進んで前衛を引き受けるという程度のMだと思っていた相手からこんなカミングアウトをされたらさぞや驚いた事だろう。俺は名前も知らない彼らに同情するよ。
「賞金レースに参加して先を急ぎたい彼らと、じっくり楽しみたい私とで意見が決定的に別れた瞬間でした。彼等も歩み寄りと言いますか、妥協案のようなものを提示してくれたのですけれど、私の欲求不満を解消できるものではなく……」
「パーティーから脱退した、と」
「はい」
そのまま放り出さずに妥協案を出してパーティー存続を図るとは……ある意味尊敬に値する。それを蹴って脱退した真理恵さんが筋金入りということになるか。

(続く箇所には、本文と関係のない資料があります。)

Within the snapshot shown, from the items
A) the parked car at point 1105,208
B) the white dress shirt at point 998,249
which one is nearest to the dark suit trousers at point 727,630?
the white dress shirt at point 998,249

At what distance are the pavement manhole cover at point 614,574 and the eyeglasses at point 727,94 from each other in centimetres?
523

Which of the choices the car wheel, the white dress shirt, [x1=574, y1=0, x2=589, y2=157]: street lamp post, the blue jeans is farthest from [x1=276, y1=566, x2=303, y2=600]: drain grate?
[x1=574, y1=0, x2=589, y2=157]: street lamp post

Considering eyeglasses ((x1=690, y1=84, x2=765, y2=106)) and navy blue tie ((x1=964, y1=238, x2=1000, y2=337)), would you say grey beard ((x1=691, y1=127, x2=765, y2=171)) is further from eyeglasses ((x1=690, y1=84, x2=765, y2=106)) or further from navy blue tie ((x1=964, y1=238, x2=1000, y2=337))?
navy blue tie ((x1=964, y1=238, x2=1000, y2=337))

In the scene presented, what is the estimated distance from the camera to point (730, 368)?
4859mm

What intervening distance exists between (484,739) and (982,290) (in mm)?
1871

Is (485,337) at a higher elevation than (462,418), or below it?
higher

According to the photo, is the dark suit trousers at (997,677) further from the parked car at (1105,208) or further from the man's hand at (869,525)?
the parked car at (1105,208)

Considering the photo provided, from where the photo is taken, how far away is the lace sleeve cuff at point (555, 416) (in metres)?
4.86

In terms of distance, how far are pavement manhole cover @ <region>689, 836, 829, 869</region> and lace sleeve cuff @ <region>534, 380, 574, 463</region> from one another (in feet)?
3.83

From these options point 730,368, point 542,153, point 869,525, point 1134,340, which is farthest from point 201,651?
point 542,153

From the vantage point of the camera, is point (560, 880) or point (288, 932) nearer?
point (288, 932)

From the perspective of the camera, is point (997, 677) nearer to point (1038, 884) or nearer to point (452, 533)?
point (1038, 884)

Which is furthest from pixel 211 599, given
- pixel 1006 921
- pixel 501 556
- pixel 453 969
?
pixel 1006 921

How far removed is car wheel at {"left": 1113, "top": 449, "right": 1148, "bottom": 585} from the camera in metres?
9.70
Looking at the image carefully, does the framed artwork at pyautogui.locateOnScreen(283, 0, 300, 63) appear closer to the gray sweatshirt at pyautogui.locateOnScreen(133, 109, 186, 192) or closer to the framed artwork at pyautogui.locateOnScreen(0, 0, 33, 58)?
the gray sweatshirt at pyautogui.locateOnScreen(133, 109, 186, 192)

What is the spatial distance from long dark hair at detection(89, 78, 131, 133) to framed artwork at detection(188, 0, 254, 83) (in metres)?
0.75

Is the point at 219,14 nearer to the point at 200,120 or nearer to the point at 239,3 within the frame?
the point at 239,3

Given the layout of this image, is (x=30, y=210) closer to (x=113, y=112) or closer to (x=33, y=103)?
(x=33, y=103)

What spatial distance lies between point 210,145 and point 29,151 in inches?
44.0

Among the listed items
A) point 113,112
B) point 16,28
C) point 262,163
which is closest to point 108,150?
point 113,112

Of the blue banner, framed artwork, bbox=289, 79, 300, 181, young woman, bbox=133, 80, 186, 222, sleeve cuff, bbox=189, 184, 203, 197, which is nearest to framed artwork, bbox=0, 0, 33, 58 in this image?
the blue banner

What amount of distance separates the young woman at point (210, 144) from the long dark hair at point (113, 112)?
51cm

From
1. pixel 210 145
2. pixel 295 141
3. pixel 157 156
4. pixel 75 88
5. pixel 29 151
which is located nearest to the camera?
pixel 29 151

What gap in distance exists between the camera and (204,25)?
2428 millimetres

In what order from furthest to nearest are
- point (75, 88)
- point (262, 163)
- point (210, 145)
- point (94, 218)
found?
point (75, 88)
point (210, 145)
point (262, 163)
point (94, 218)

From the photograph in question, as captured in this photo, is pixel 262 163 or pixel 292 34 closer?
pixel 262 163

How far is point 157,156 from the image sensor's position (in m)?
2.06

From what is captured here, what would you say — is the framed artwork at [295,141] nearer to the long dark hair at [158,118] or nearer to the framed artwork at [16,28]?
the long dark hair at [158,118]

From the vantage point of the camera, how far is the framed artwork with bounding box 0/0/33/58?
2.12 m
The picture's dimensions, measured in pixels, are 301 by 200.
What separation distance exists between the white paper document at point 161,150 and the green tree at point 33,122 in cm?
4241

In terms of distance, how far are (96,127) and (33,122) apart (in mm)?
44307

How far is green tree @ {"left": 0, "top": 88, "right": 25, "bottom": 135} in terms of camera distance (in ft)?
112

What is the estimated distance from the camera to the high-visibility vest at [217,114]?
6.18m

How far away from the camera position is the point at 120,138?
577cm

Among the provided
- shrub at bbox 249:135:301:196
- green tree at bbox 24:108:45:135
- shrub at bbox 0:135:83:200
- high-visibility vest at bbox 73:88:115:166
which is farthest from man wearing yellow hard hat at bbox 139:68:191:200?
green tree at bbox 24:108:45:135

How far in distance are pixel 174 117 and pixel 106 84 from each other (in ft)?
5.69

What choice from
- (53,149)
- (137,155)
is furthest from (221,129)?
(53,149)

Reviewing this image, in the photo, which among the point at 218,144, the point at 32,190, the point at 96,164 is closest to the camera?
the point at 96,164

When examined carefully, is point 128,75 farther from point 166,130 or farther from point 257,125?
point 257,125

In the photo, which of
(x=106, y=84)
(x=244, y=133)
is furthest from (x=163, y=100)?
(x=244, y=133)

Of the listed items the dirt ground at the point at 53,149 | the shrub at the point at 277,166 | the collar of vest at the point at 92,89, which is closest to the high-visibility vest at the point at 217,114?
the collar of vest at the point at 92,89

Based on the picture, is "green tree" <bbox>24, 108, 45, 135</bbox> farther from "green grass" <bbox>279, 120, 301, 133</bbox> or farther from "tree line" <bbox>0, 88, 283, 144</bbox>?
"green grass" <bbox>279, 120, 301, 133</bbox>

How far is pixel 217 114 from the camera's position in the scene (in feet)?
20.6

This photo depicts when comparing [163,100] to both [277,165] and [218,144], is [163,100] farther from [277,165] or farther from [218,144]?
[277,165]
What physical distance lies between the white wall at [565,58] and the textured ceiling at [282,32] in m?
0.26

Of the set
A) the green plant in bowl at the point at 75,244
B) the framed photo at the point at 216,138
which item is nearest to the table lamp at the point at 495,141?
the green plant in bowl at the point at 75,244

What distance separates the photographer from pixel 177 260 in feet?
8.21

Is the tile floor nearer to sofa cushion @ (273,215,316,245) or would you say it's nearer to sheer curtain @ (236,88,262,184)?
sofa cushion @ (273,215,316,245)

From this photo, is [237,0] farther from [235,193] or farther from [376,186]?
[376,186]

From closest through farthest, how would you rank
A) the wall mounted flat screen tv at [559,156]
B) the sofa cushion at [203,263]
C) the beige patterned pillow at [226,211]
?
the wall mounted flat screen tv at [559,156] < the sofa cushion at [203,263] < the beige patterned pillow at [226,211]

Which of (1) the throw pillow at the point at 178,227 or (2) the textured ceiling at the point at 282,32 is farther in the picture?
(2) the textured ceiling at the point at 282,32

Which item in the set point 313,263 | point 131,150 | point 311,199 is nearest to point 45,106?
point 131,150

で、一人になった真理恵さんは誰憚ることなくモンスターで遊ぶようになった、と。
「それなら今の状況は真理恵さんが望んだとおりじゃないか」
「いえ、そろそろ飽きてきました。マンネリです。新しい刺激を求めて次のステージに進みたいのです」
「臆面も無くそれを言うのか……」
「そのゴミを見るかのような視線も堪りません」
おっと……また人に向けてはいけないような目で真理恵さんを見ていたらしい。気を付けよう。